Mercredi 10 janvier 2018, par Didier Béclard

Voyage dans des mondes flottants

Monté pour la première fois au théâtre, « Quelques rêves oubliés » de l’auteur japonais Oriza Hirata propose un voyage onirique tsubtil dans les étoiles, à bord d’un train.

Dans le noir, un martèlement métallique scande le bruit du rail. Tout se déroule dans la pénombre d’un train qui roule dans la nuit, on ne sait pas vers où ni si le voyage durera longtemps. Trois personnes sont à peine éclairées par une lampe de lecture placée au dessus de leur siège. Peu à peu, on découvre Yuko,une ancienne chanteuse populaire, la « Marilyn japonaise », Kiwako, son assistante que l’on pourrait prendre pour sa servante et Yasui, son manager qui a aussi un temps partagé la vie de la chanteuse.
Ils devisent de choses et d’autres pour faire passer le temps. D’apparence anodine, superficielle parfois, la conversation aborde avec beaucoup de légèreté certains sujets graves, ou avec sérieux des thèmes plus futiles. Au gré des mots égrenés et des silences, les personnalités se révèlent en tentant de sortir de l’ennui qui les enveloppe, une image du monde se dessine, les humeurs se développent, les renoncements affleurent. L’ambiance est aussi énigmatique que celle du film « Stranger Than Paradise » de Jim Jarmusch.
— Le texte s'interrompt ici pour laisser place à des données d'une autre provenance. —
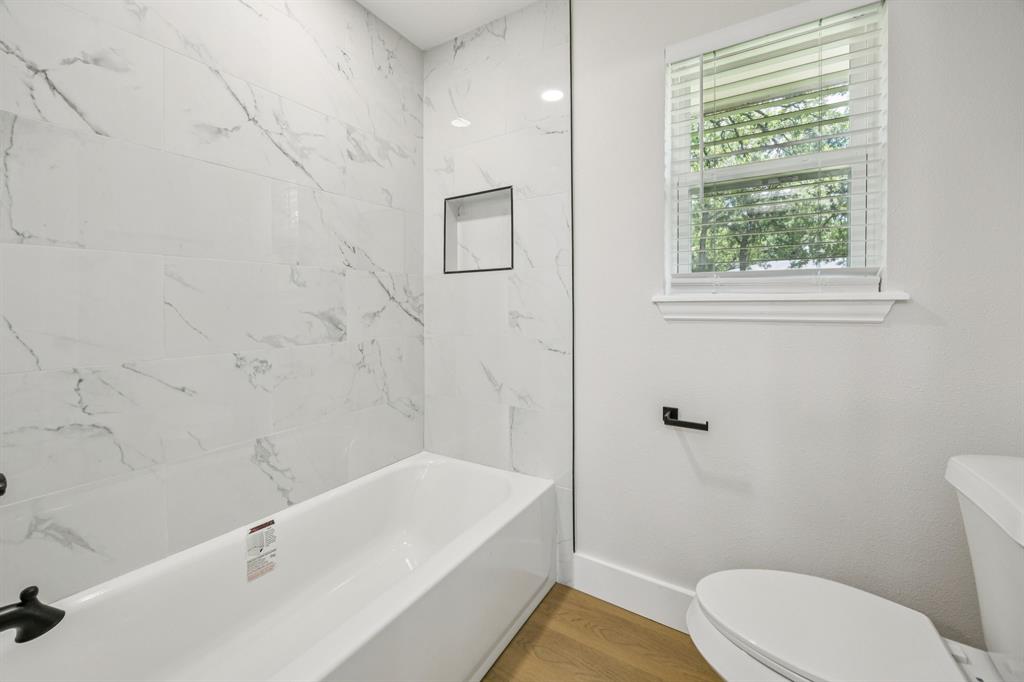 37 Devonshire Bedford, TX 76021 - Photo 29 of 39 a bath room with a toilet a bath tub and a shower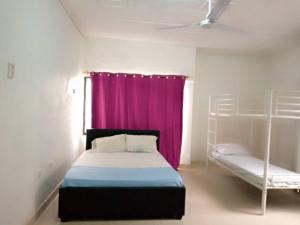 Impeccable 2-Bed Apartment in Kumasi Ashanti 객실 침대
Des effets lumineux et sonores appuient le côté onirique de ce voyage dans un monde inconnu.Entre réalité et rêve éveillé, « Quelques rêves oubliés » nous transporte dans un espace semi-public, « dans ces mondes flottants, ces lieux où des choses étranges peuvent survenir. »
Pour monter ce texte tout en délicatesse d’Oriza Hirata, une des figures les plus reconnues du théâtre contemporain japonais, la metteuse en scène Camille Panza a été inspirée par la nouvelle de Kenji Miyazawa, « Le train de nuit de la voie lactée ». Première adaptation en français, la pièce a été créée lors d’une résidence à la Chartreuse de Villeneuve-Lez-Avignon et présentée au Japon avant d’arriver à Bruxelles. Lors des premières représentations, surtitrées en japonais, la traductrice n’arrivait pas à suivre le débit des comédiens. Elle leur a donc imposé un tempo plus posé, qui donne aux personnages une présence étrange mais sans artifice.
Camille Panza développe également ici une nouvelle écriture scénique qui utilise des objets plastiques et lumineux. Les dispositifs sonore et lumineux très élaborés (comme, par exemple, des miroirs fixés sur microprocesseurs qui leur imprime des mouvements aléatoires ou déterminés) occupent une place centrale à l’égal des comédiens (Gwen Berrou, Aurélien Dubreuil-Lachaud et Pauline Gillet Chassanne), pourtant très présents et justes dans leur jeu. Le jeu d’ombre et de lumière déforme la perception du spectateur plongé dans un univers étrange où les étoiles et le cosmos sont omniprésents.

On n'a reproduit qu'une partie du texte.